Vasco Rossi, al Modena Park non c’è bisogno di esame di maturità

Meglio pensare all’esame di maturità oppure il concerto del grande Vasco Rossi, Modena non poteva esimersi dal dispensare gli studenti in vista di un appuntamento così importante, scuole chiuse dunque il 1 luglio, d’altronde non poteva essere altrimenti il rischio era trovarsi faccia a faccia professori e commissione senza studenti.

Una data importante nella carriera di Vasco Rossi: il 15 giugno 1977, un giovane Vasco Rossi,  dj di Punto Radio Zocca, vide uscire il suo primo 45 giri nei negozi.

Il 45 giri (ora pezzo da collezione e da aste) aveva come brano di punta “Jenny è pazza”, mentre nel lato b “Silvia”.

Ne è passata di acqua sotto i ponti in questi ultimi quarant’anni, con milioni di copie vendute dei numerosissimi suoi album successivi, e centinaia di concerti tenuti lungo tutto lo stivale: una carriera strepitosa che vedrà il suo momento massimo il prossimo 1 luglio, a Modena, dove quattro decenni fa il rocker tenne il suo primo concerto, e dove ritorna per essere acclamato come un re.

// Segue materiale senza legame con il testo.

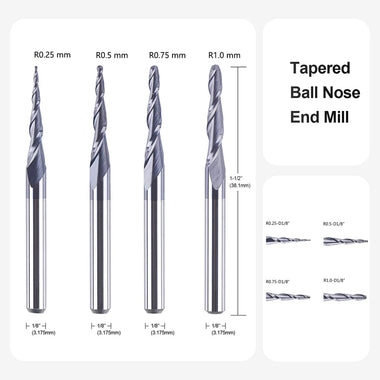 1/8 Inch Shank Tapered CNC Router Bits Ball Nose End Mill Set TiAIN Coated 2 Flute Cutting Tool for Carving Engraving Cutting Wood Metal Acrylic MDF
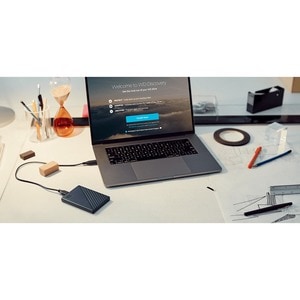 WD My Passport for Mac WDBA2F0050BBL 5 TB Portable Hard Drive - External - Midnight Blue - USB 3.2 - 256-bit Encryption St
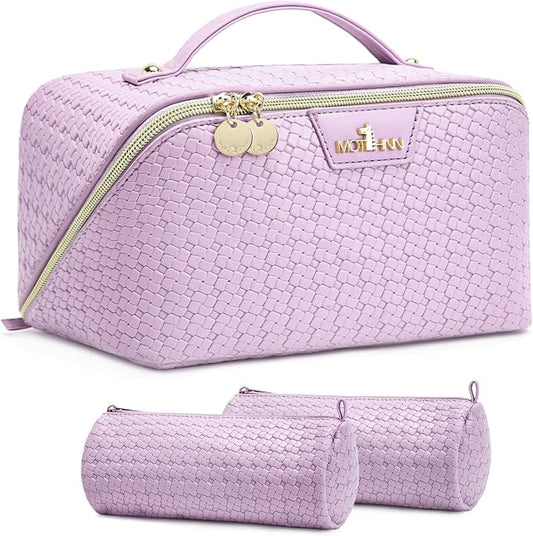 Travel Makeup Bag for Women: Designer 3 Pcs Set Cosmetic Bags for Women - Large Capacity Vagen Leather Hand-made for Toiletry Organizer - Ladies Travel Flat Open Essentials for Luxury (06Purple) by Unknown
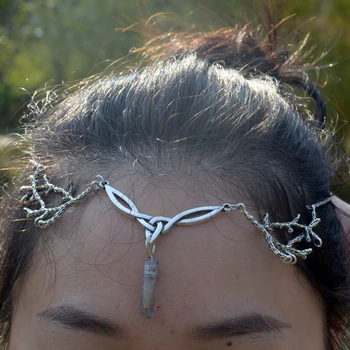 

Gothic Celtics Antlers Branch Headband Forest Branch Head Chain Forehead Hair Jewelry Wedding Accessories For Women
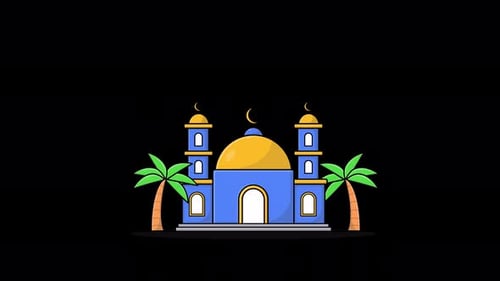 Ramadan Special Animated Mosque - Transparent Video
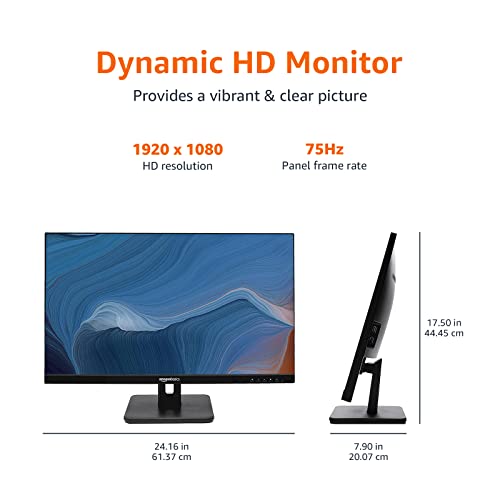 Amazon Basics - 27 Inch IPS Monitor 75 Hz Powered with AOC Technology FHD 1080P HDMI, Display Port and VGA Input VESA Compatible Built-in Speakers for Office and Home, Black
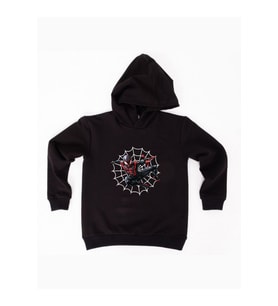 Spiderman baskılı örümcek adam kapüşonlu pamuklu kumaş çocuk sweatshirt (Siyah)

E per chi considera esagerato mettersi in fila all’alba per il concerto del proprio beniamino, c’è già uno sparuto – ma agguerrito – manipolo di fan che sta campeggiando al Parco Ferrari di Modena con oltre due settimane di anticipo rispetto all’apertura dei cancelli di Modena Park.

“Non abbiamo nessuna intenzione di andarcene fino al concerto”, hanno spiegato loro, che in media hanno trent’anni, sono una decina – tutti uomini, tranne due donne – e provengono da Milano, Brescia e Cagliari.

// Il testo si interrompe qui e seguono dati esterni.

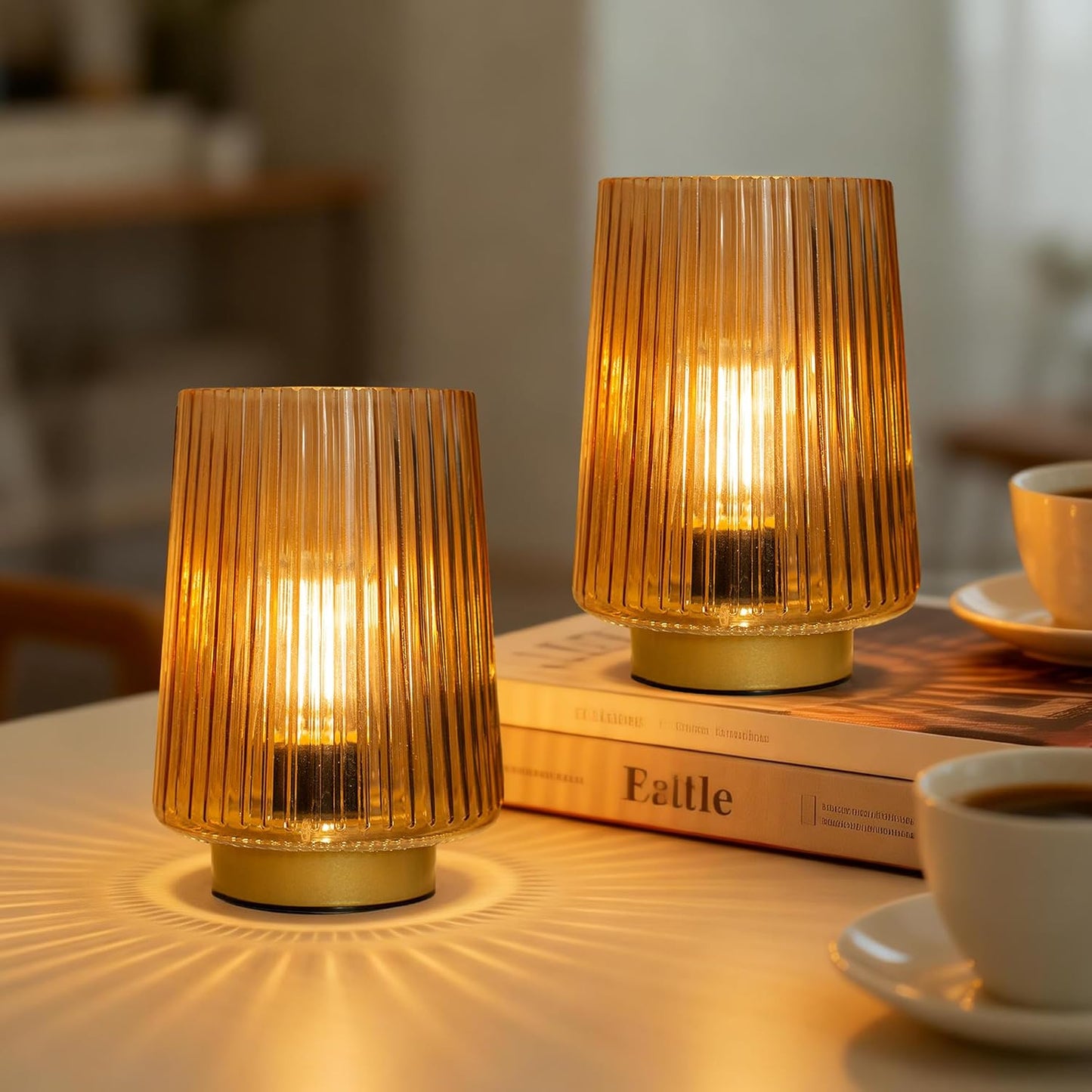 Battery Operated Lamp with Timer, Set of 2 Small Cozy Table Lamp Decorative Ambient Glass Lamp for Bedside & Home Decor, Aesthetic Cordless Battery Powered Accent Lamp for Living Room Shelf, Amber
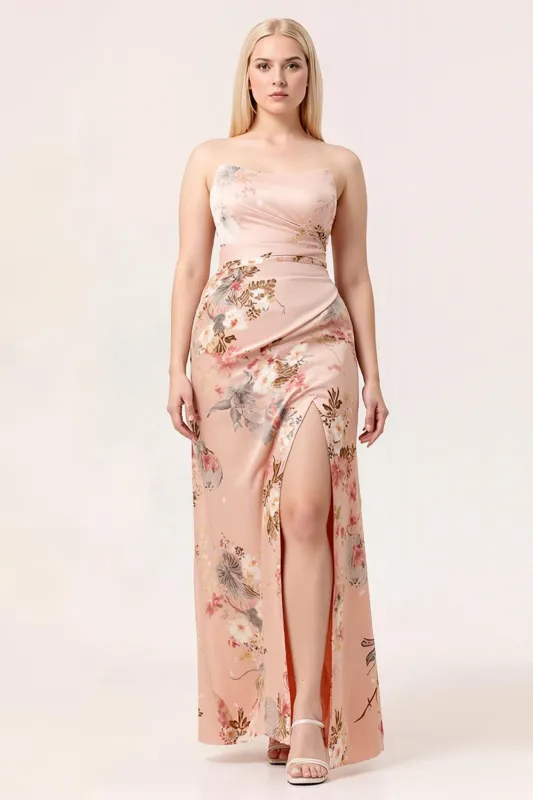 Blush Sheath Strapless Print Satin Long Floral Plus Size Bridesmaid Dress with Slit sold by Wedtrend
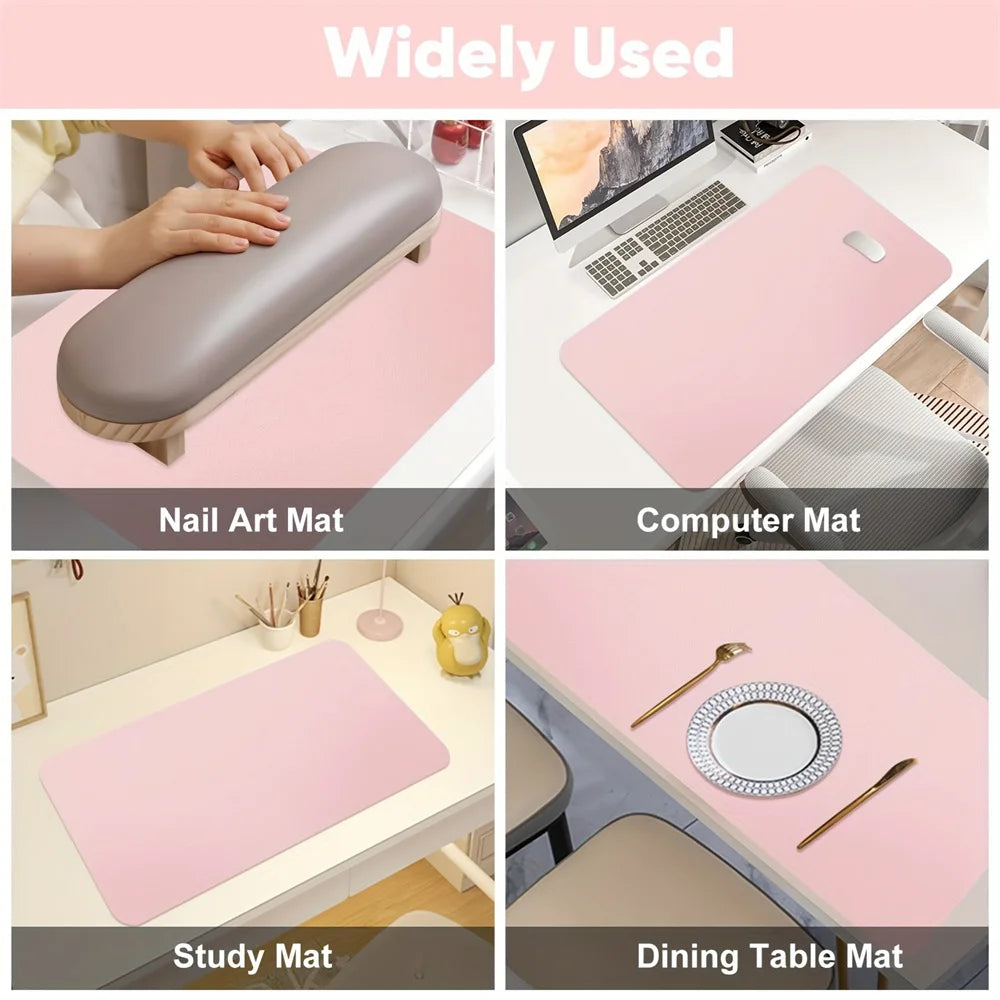 Nail Art Table Mat – Foldable Leather Desk Mat with Armrest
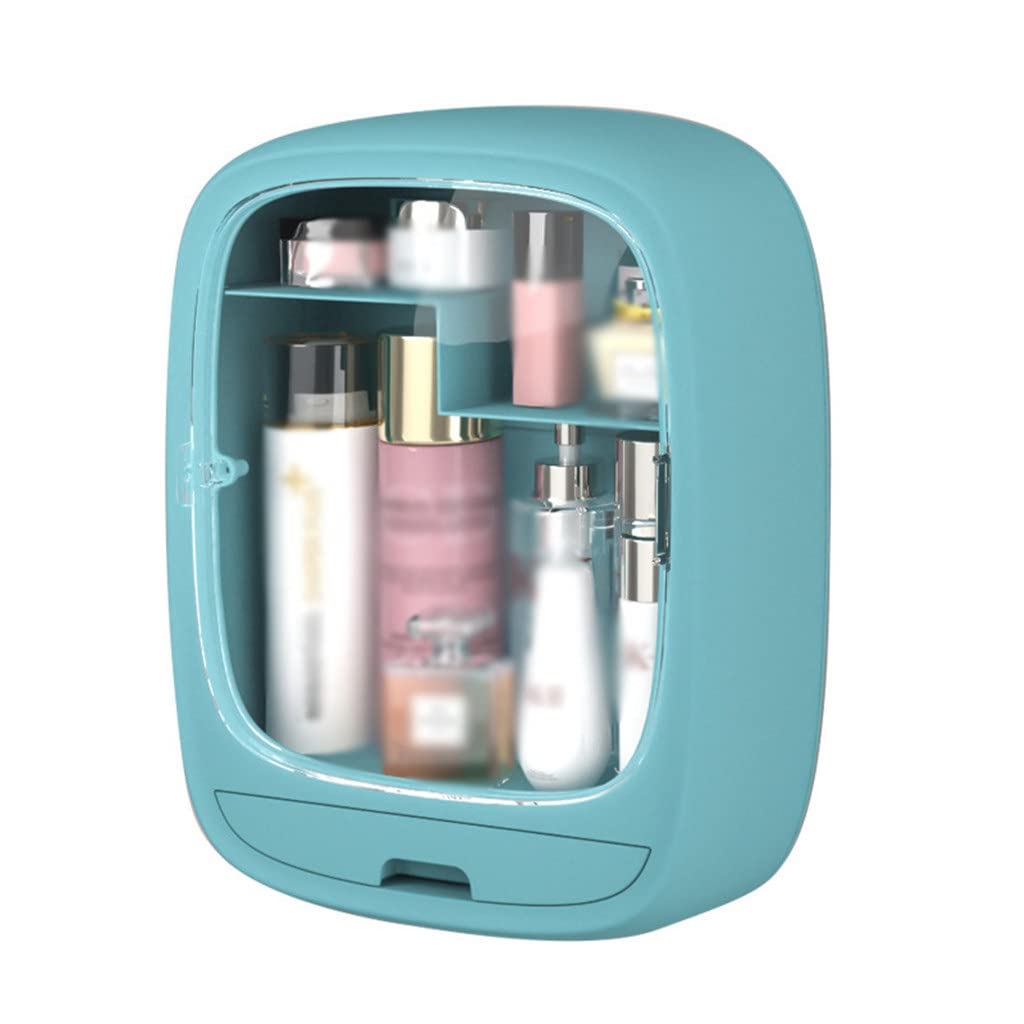 EKDSPW No Holes Wall Mount Makeup Organizer with Drawers - Transparent ABS Plastic Cosmetic Storage Box for Bathroom, Dustproof & Space Saving (Blue) - Perfect for Small Spaces & Vanity Organization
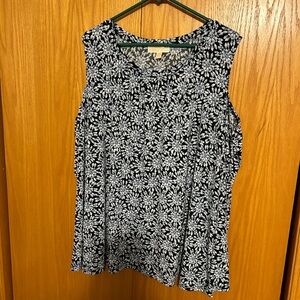 Michael Kors floral top with open shoulders.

“Abbiamo visto insieme decine di concerti di Vasco”, spiegano loro definendo la loro impresa una “magnifica follia”. “Vivremo tutte le emozioni in prima fila, dalla costruzione del palco alla conclusione dell’evento dei record”, aggiungono.

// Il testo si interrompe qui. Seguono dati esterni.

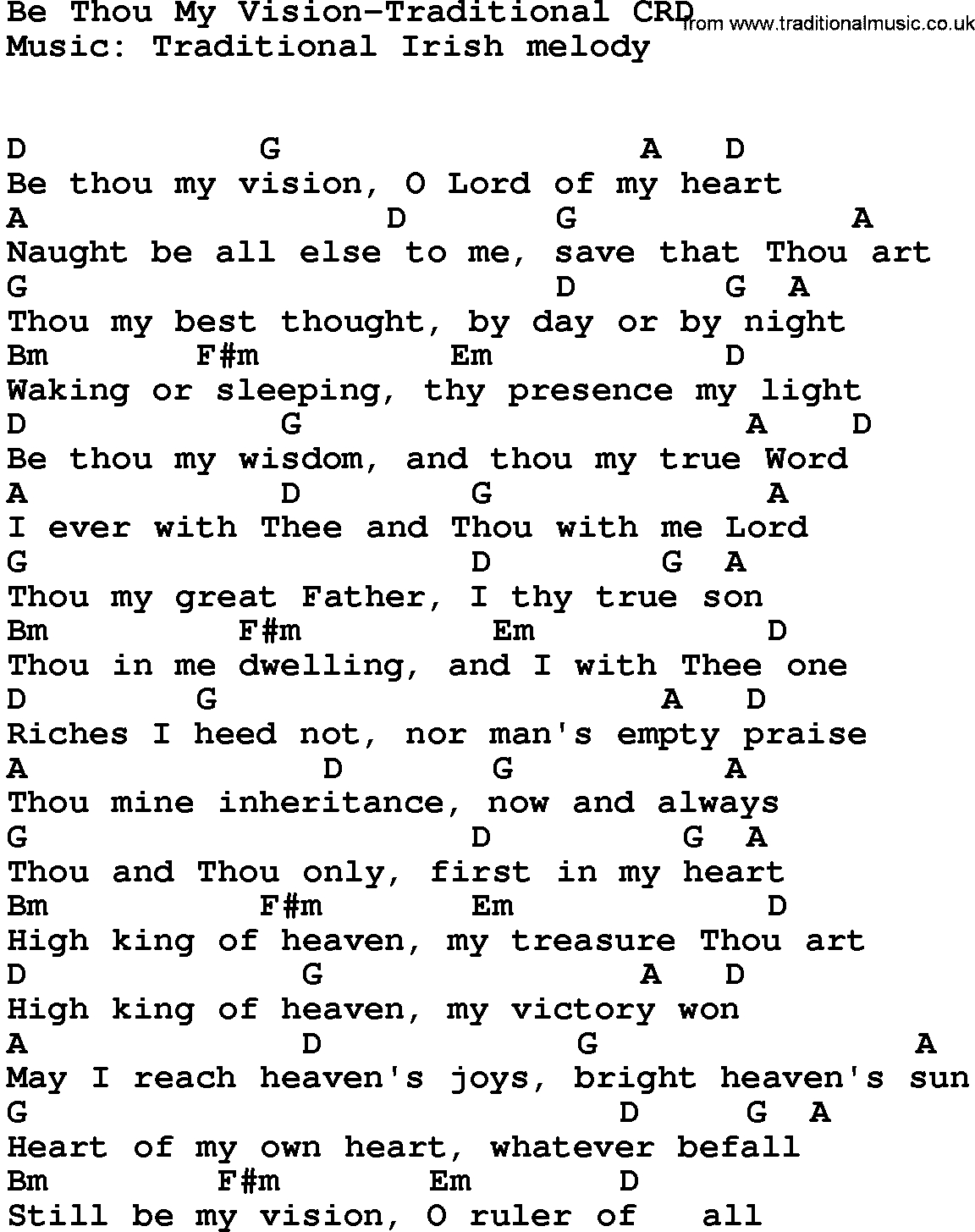 Be Thou My Vision Chords Gospel Song Be Thou My Vision Traditional Lyrics And Chords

Lo show con cui il rocker di Zocca batterà, con 220mila biglietti staccati, il record mondiale di tutti i tempi come live a pagamento di un singolo artista avrà comunque misure di sicurezza rigidissime.

Migliaia di uomini delle forze dell’ordine, militari dell’esercito, un servizio di sicurezza privato, tre zone di controllo a cerchi concentrici, spazi di filtraggio per il pubblico, cani antiesplosivo, barriere jersey di protezione, telecamere a riconoscimento facciale, metal detector, monitoraggio e bonifica delle aree adiacenti il parco: sembra quasi la preparazione di una guerra ma saranno gli sforzi profusi per evitare che una grandissima serata di festa si trasformi in una tragedia, come troppe volte sta accadendo, in giro per il mondo.